RAW DATA section start
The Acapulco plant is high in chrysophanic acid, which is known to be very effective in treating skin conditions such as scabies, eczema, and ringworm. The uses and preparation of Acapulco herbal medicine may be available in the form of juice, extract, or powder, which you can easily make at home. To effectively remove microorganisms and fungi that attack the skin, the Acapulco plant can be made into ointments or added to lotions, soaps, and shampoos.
RAW DATA section end
RAW DATA section start
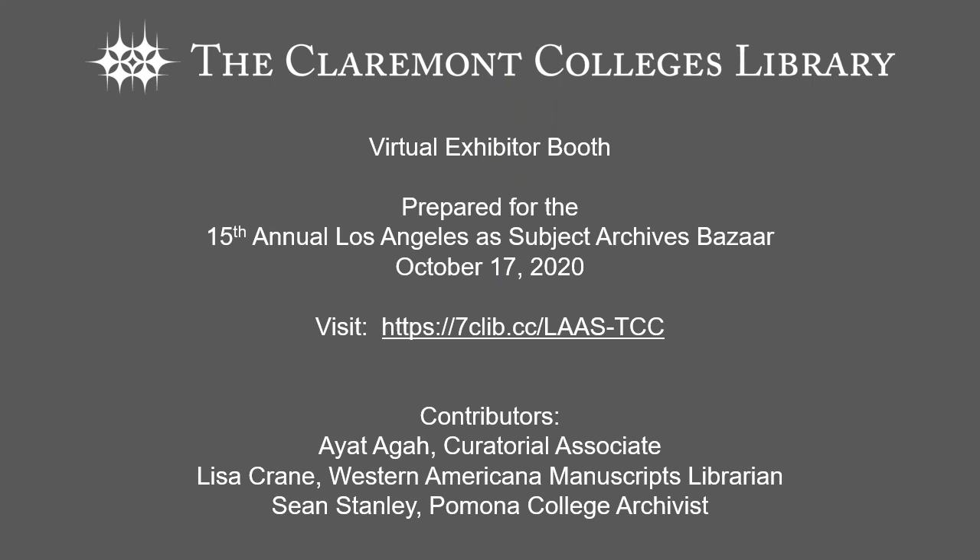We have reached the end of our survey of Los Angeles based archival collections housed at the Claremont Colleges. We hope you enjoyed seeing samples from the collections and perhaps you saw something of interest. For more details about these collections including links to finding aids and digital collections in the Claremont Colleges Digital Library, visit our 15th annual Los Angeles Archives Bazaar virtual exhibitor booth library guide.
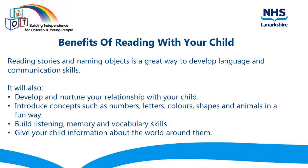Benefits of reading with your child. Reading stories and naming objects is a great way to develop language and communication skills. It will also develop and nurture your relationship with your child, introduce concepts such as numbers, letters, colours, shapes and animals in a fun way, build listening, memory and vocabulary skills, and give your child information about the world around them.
RAW DATA section end
■ **TASK DIRECTIONS**
Set down, exactly as written above, each line from the one with "We have reached" through the one with "Benefits of reading", and skip the pictures.

■ **YOUR RESPONSE**
We have reached the end of our survey of Los Angeles based archival collections housed at the Claremont Colleges. We hope you enjoyed seeing samples from the collections and perhaps you saw something of interest. For more details about these collections including links to finding aids and digital collections in the Claremont Colleges Digital Library, visit our 15th annual Los Angeles Archives Bazaar virtual exhibitor booth library guide.
Benefits of reading with your child. Reading stories and naming objects is a great way to develop language and communication skills. It will also develop and nurture your relationship with your child, introduce concepts such as numbers, letters, colours, shapes and animals in a fun way, build listening, memory and vocabulary skills, and give your child information about the world around them.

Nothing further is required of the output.